Someone told me to do it, so I did it.

I can't remember what the focus was. Something about safety, if memory serves. Maybe the latest change to our escalation policy -- which was a fancy term for deciding which squeaky wheel got greased first. When there was a snag getting a circuit installed, a technician appealed to his bosses -- who appealed to their bosses -- to appeal to the managers at the other end of the problem circuit to get their technicians to fix it.

It's been many years, so I don't know if I characterized anything correctly in the last paragraph. I do know that as those meetings were happening I couldn't have imagined a bigger waste of time, whether we were talking about a safety issue or a policy change.

Though just in typing that last sentence I changed my mind.

Can you imagine how entertaining it must have been for my technicians to watch a naïve young woman try to hold court for a half hour or so once a week? Even people who love their work -- and some of them did -- need breaks for comic relief.

In that respect I was perfect.

The techs came around. I had one thing over so many others who'd come before me. I hadn't pretended to add a single thing of value to the group.
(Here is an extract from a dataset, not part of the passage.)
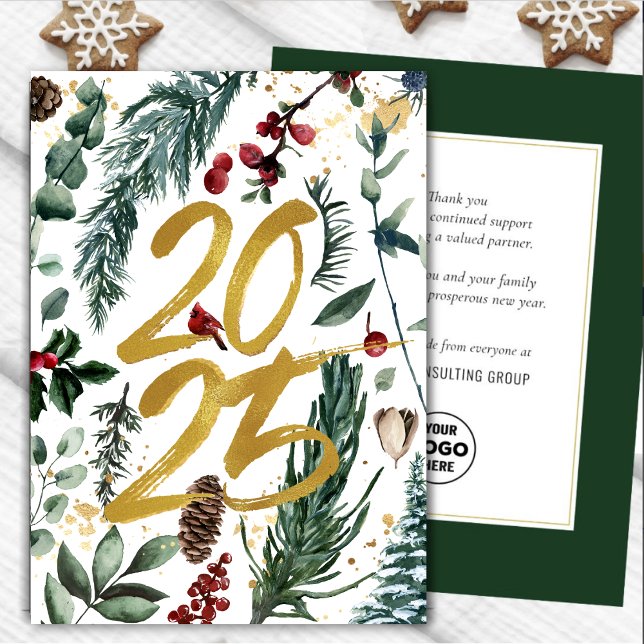 Tarjeta Festiva Navidades festivos Pine Bough Business Gold 2025 (Subido por el creador)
I'd won them over by admitting I was a waste of space.

I'll probably always wonder why I didn't challenge the manager who insisted I hold those weekly meetings. My guess is that it would've been quite the project. A culture shift. Was I really up for that? Apparently not. At some level I was going through the motions. I took the job out of college that paid the most and gave me the most number of windows on the world. I wasn't ready to plant myself in one office for the rest of my life and devote that life to solving problems that didn't hold any meaning for me.

After a year I got promoted. I'll never forget one of the brightest technicians, whom I respected above all others, howling with laughter at the news. I laughed along with him, because I knew I hadn't made enough of a difference in this department to get promoted to another one. I had a good gig and I was going to enjoy where it took me. But I'd also stayed humble, worked hard -- at what, I don't remember -- and according to the techs, made it more fun for them to come to work every day for a year.

I don't know how much I'd helped, but I certainly hadn't hurt.

For a fresh-faced young thing with the capacity to demoralize just from the unfairness of it all, I'm filing this in the win column.